Mike Singletary started peeling back the layers from the onion that was yesterday's 29-24 loss to Arizona, beginning with the biggest question of all: Why, with four seconds and no timeouts, do you call a fullback draw, a play fundementally designed to pick up a half yard? Well, because offensive coordinator Mike Martz and the rest of the team mistakenly thought the ball was on the half yard line instead of the 2 1/2 until it was too late to call in another play. Singletary today blasted the communication by the game officials, who after reviewing whether Frank Gore was down by contact on a second-down run, moved the ball back to the 2 1/2 yard line. "No one came to our sideline and said the ball would be moved. Someone needs to say that," said Singletary, who added that he has not yet sought clarification from the league office. "It's not the thing I need to hear -- 'It's on us (the league),'" he said. "I don't need to hear that."
Barrows did a little sleuthing on this. Following Jason Hill's last catch, the ball is at the 1 1/2 yard line. After Shaun Hill spikes it, it's at the 1 1/2 yard line. Immediately after Gore's run, an official rushes in and marks Gore down at the 1 1/2. Following the review, the ball is placed at the 2 1/2. So if anything, Martz would have thought the ball was at the 1 1/2 yard line, not the half yard line ...
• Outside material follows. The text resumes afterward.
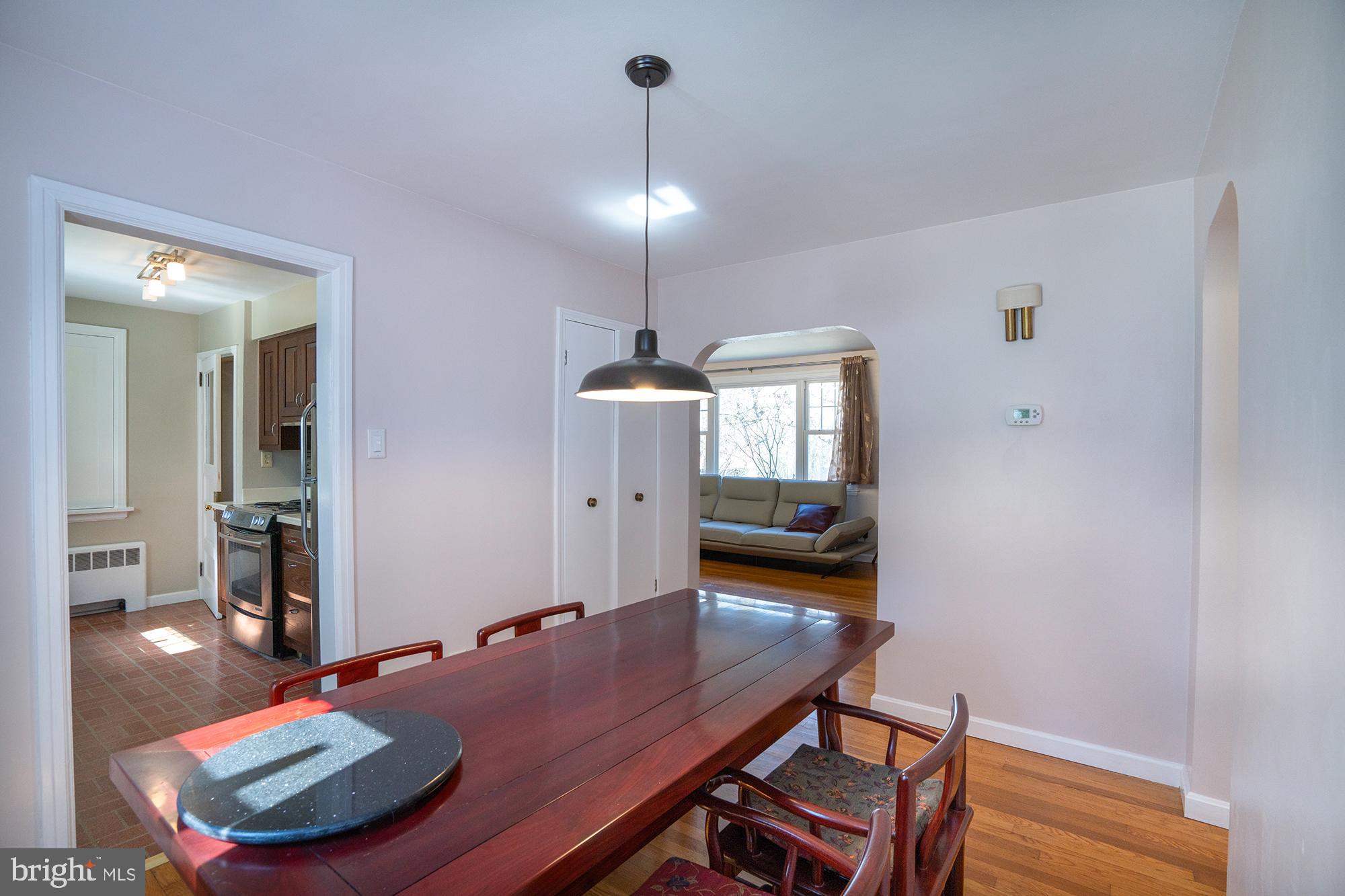 COLLEGE HEIGHTS - Residential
Singletary said that the fact that the play clock began when the official set the ball, and not when it was snapped, added to the confusion. Singletary said the clock started as the official who spotted the ball was backing away from the ball. He said Martz's play was intended to have a wideout come in motion across the backfield but because the clock was running there was no time to run that element of the play.
Of course, the interim head coach did not heap all of the blame on the officials. The fact that the team wasted 23 crucial seconds before Shaun Hill could spike the ball, according to Singletary, "That's on us. That's on me as a head coach. And I will take that." Singletary said Martz had a very specific personnel group he wanted on the field and that the whole transition should have taken 10 seconds. Why, he was asked does a team need a specific personnel group when they merely intended to spike the ball? "I don't know that," Singletary said. "I think it was one of those situations where you thought it was going to go smoothly, a lot more smoothly than it did."
If you're curious about how the relationship between Singletarty and Martz is unfolding, Singletary said he was entirely on board with the type of plays martz was calling at the end of the game. "We're on the same page. We're trying to be on the right page." he also said that the moment caught on camera in which Martz seems to strenuously object to Singletary's decision to go for a fourth-and-one field goal was typical head coach-offensive coordinator stuff. "The offensive coordinator always wants to go for it. I learned that rather quickly."
By the way, there's a chance that we'll be able to talk to Martz (you know, the guy around whom these questions swirl) later today. Martz usually speaks to the media every other week. Fingers crossed ....
Singletary said the most serious injury Monday occurred to receiver Josh Morgan, who hurt his groin. He did not have a timetable on Morgan's return.